My Robert Louis Stevenson Hike – the Velay (part 1)

My Robert Louis Stevenson Hike – the Velay (part 1)

It all started in a little village in southern France called Le Puy en Velay. As the official start for my Robert Louis Stevenson Hike, I drove across Germany and France to get here. Stopping in beautiful Strasbourg and Dijon, I was ready for my 11 day hike along the Stevenson Trail GR-70. (See details of the offical trail here).

I aimed for 2 weeks, finishing in Ales. So, let’s go.

My Robert-Louis-Stevenson Hike

Le Puy-en-Velay

The historic town is a very hilly place due to the famous conical volcanic forms of the region. That also means that it makes the city quite special due to the religious monuments all sitting on top of the volcanic hills. It makes for a stunning view when entering Le Puy-en-Velay.

Inside the town the streets are narrow and hilly. There a few stairs to get to the 12th-century Romanesque Notre Dame Cathedral but worth it. Perched on a volcanic rock, the St-Michel d’Aiguilhe chapel dates from the 10th century.
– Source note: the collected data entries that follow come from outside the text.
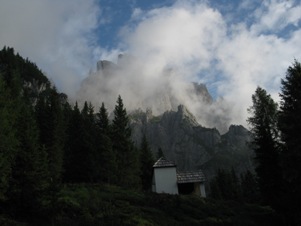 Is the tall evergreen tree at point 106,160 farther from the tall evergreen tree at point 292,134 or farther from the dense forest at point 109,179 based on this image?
the tall evergreen tree at point 292,134

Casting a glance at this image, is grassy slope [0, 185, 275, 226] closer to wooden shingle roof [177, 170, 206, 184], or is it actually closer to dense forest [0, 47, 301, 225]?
dense forest [0, 47, 301, 225]

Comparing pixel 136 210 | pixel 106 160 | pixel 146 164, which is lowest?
pixel 136 210

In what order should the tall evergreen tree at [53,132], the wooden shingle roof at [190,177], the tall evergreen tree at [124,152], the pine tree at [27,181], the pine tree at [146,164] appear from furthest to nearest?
the pine tree at [146,164] → the tall evergreen tree at [124,152] → the tall evergreen tree at [53,132] → the wooden shingle roof at [190,177] → the pine tree at [27,181]

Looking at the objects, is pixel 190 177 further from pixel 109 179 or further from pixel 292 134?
pixel 292 134

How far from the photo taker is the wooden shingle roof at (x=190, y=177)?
4978cm

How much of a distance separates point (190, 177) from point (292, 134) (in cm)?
2792

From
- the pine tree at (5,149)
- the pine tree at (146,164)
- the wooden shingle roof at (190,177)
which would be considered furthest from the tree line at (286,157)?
the pine tree at (146,164)

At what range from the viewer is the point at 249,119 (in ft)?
145

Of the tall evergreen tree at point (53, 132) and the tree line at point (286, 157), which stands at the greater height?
the tall evergreen tree at point (53, 132)

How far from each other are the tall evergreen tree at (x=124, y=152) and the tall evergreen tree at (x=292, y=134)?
3059cm

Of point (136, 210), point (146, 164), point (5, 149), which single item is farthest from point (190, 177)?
point (5, 149)

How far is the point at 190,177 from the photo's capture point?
50.3m

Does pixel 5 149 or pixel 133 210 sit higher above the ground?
pixel 5 149

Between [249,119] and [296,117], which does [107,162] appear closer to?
[249,119] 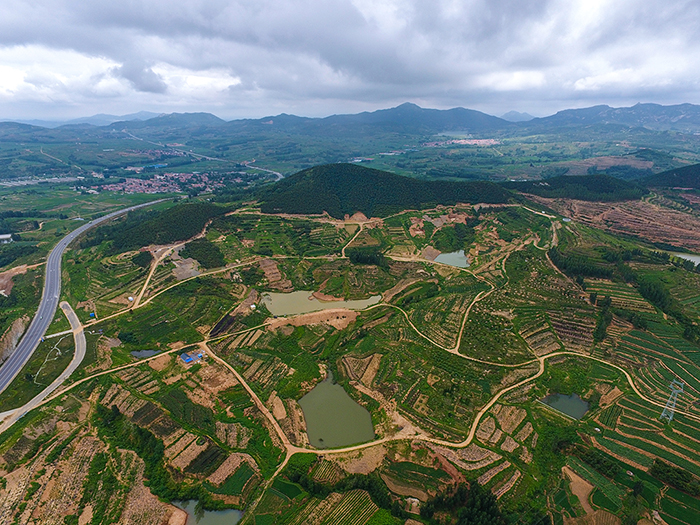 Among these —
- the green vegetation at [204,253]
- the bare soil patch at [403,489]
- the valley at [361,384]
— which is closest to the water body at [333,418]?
the valley at [361,384]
And nearby, the 1860 statue of the Virgin Mary looks over the town from another volcanic outcrop. I like this quirky little town. It is the perfect spot to start the Robert-Louis-Stevenso Trail.
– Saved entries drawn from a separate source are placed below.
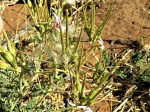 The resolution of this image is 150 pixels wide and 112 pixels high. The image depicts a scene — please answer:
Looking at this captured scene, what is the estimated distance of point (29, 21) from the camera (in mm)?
2141

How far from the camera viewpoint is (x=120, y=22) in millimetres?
2074

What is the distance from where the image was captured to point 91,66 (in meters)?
1.83

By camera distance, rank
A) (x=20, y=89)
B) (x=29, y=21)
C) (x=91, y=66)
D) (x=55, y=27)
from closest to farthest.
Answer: (x=55, y=27), (x=20, y=89), (x=91, y=66), (x=29, y=21)

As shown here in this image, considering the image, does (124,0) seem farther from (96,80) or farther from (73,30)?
(96,80)

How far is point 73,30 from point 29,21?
1.73 feet

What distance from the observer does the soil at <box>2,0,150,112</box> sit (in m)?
1.97

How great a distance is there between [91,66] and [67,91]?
229mm

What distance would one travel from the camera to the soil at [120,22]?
1972 millimetres

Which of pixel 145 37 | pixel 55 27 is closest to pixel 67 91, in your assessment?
pixel 55 27

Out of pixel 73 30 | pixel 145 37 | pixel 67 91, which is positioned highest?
pixel 73 30

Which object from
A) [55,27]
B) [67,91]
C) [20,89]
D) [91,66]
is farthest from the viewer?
[91,66]

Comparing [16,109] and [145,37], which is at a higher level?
[145,37]

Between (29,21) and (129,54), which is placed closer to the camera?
(129,54)

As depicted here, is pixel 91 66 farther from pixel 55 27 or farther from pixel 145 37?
pixel 55 27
After exploring the town, enjoying a nice dinner and a good night sleep I was ready for my hike. The hotel kindly let me leave my car parked at their hotel while I walk. The plan is to be back in 14 days (or so). The hike can start!
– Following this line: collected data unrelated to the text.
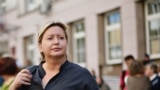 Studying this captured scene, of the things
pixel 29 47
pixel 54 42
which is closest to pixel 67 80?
pixel 54 42

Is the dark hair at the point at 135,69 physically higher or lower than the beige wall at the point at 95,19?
lower

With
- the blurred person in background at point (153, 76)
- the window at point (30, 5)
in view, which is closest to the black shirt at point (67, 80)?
the blurred person in background at point (153, 76)

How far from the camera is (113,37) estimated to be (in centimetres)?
1784

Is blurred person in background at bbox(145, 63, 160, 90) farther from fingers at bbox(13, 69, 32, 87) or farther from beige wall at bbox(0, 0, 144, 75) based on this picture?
beige wall at bbox(0, 0, 144, 75)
Le Puy en Velay – Coubon – Le Monastier-sur-Gazeille

My hotel was south of Le Puy -n-Velay so I actually started my hike from Vals-près-le-Pup. As with every hike I plan, I have an approximate guide where the trail is going and then, based on distance and accommodation, (as I learned in my Poland hike as well), I add my own inputs to get to the next stop. And so far, besides the map from the internet I haven’t had any detailed brochures from the Robert Louis Stevenson hike. But I should be fine.

Let’s go

The weather was quite cool in the morning and the fog was quite thick for the first hour of the hike. But once I was on top of the hill the sun appeared and gave an amazing view over the countryside. What a glorious day and the perfect start into the hike. I set myself the goal to walk only between 18-25km per day so I would enjoy the full 14 days of the hike. Rather than pushing too hard. It is all about balance and it works well for me.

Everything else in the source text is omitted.